La Biennale di Venezia è stata fondata nel 1895. Paolo Baratta è stato presidente dal 2008, e prima ancora dal 1998 al 2001. La Biennale, che è all’avanguardia nella ricerca e promozione di nuove tendenze dell’arte contemporanea, organizza mostre, festival e ricerche in tutti i suoi settori specifici: Arts (1895), Architecture (1980), Cinema (1932), Dance (1999), Music (1930) e Theater (1934). Le sue attività sono documentate presso l’Archivio storico delle arti contemporanee (ASAC) che recentemente è stato completamente rinnovato.

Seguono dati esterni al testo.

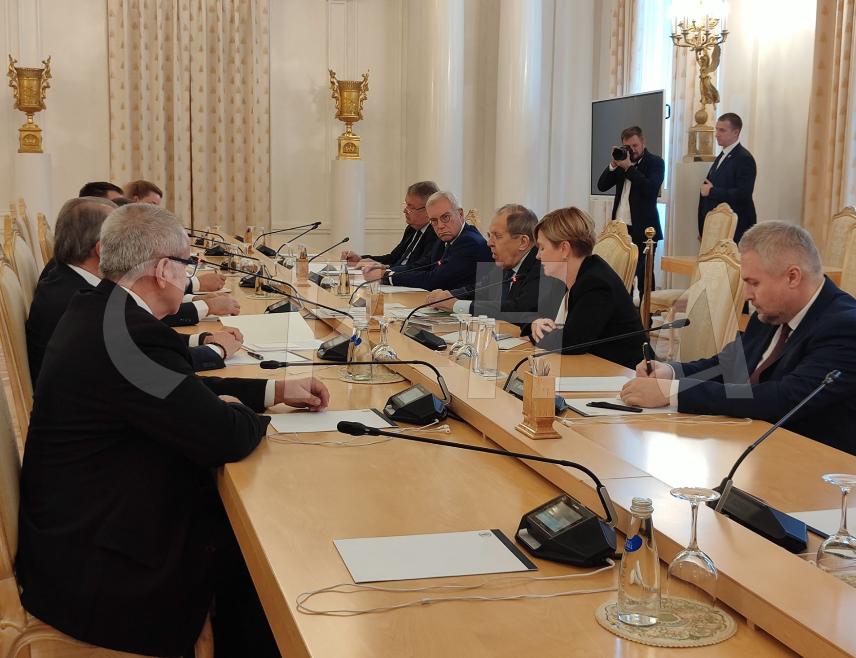 MOSCOW, SEPTEMBER 9 /SRNA/ – The Minister of Foreign Affairs of the Russian Federation Sergey Lavrov  emphasized at the beginning of his meeting with the President of Republika Srpska  Milorad Dodik  in Moscow that this is a very important meeting, especially due to recent complicated situation in BiH.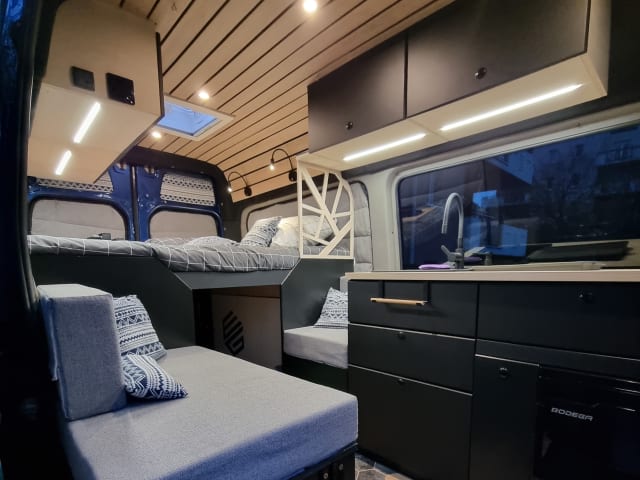 BLUE – VOLKSWAGEN CRAFTER AVENTURE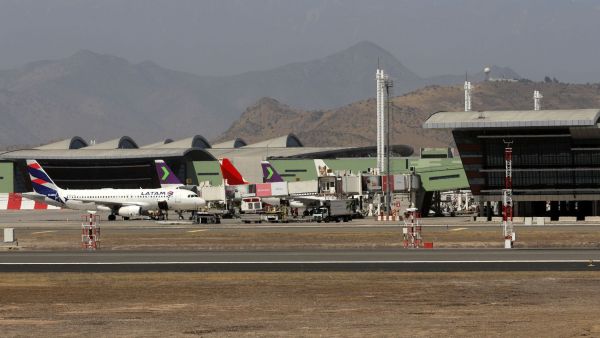 Aeropuerto de Santiago es premiado como el más puntual del mundo en 2025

Il rapporto con la comunità locale è stato rafforzato attraverso attività didattiche e visite guidate, con la partecipazione di un numero crescente di scuole venete e non solo. Questo diffonde la creatività sulla nuova generazione (3.000 insegnanti e 30.000 studenti coinvolti nel 2014). Queste attività sono state supportate dalla Camera di commercio di Venezia. È stata inoltre istituita una collaborazione con università e istituti di ricerca che organizzano tour e soggiorni speciali nelle mostre. Nel triennio 2012-2014, 227 università (79 italiane e 148 internazionali) hanno aderito al progetto Sessioni della Biennale.

In tutti i settori ci sono state maggiori opportunità di ricerca e produzione rivolte alle giovani generazioni di artisti, direttamente in contatto con insegnanti di fama; questo è diventato più sistematico e continuo attraverso il progetto internazionale Biennale College, attualmente in corso nelle sezioni Danza, Teatro, Musica e Cinema.